#### [TASK GOAL]
Exact copy, pictures excluded: the lines from the one containing "Brooklyn Beckham trener med Manchester United Brooklyn" to the end of the listing.

*** Opening DATA PROVIDED ***

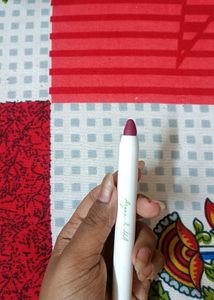 Mamaearth Lipstick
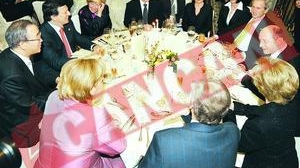 Basescu si-a lasat sotia in ploaie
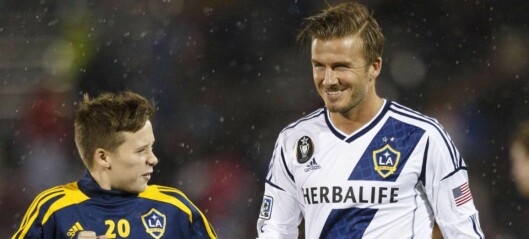 Brooklyn Beckham trener med Manchester United Brooklyn Beckham trener med Manchester United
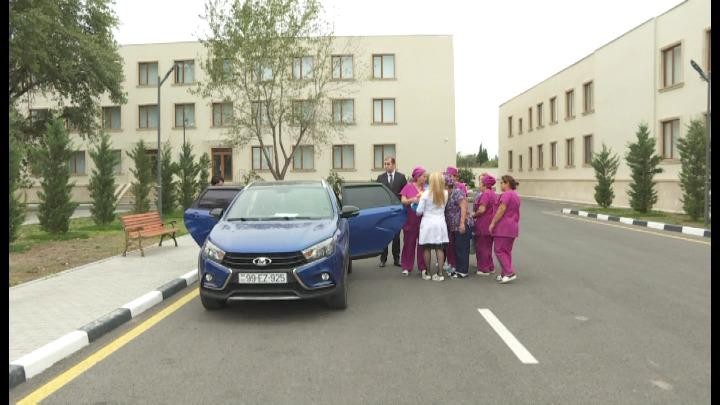 Salyanda küçəyə atılan uşaq Bakıya körpələr evinə göndərildi - FOTOLAR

*** Closing DATA PROVIDED ***

#### [RESULT OF THE TASK]
 Brooklyn Beckham trener med Manchester United Brooklyn Beckham trener med Manchester United
 Salyanda küçəyə atılan uşaq Bakıya körpələr evinə göndərildi - FOTOLAR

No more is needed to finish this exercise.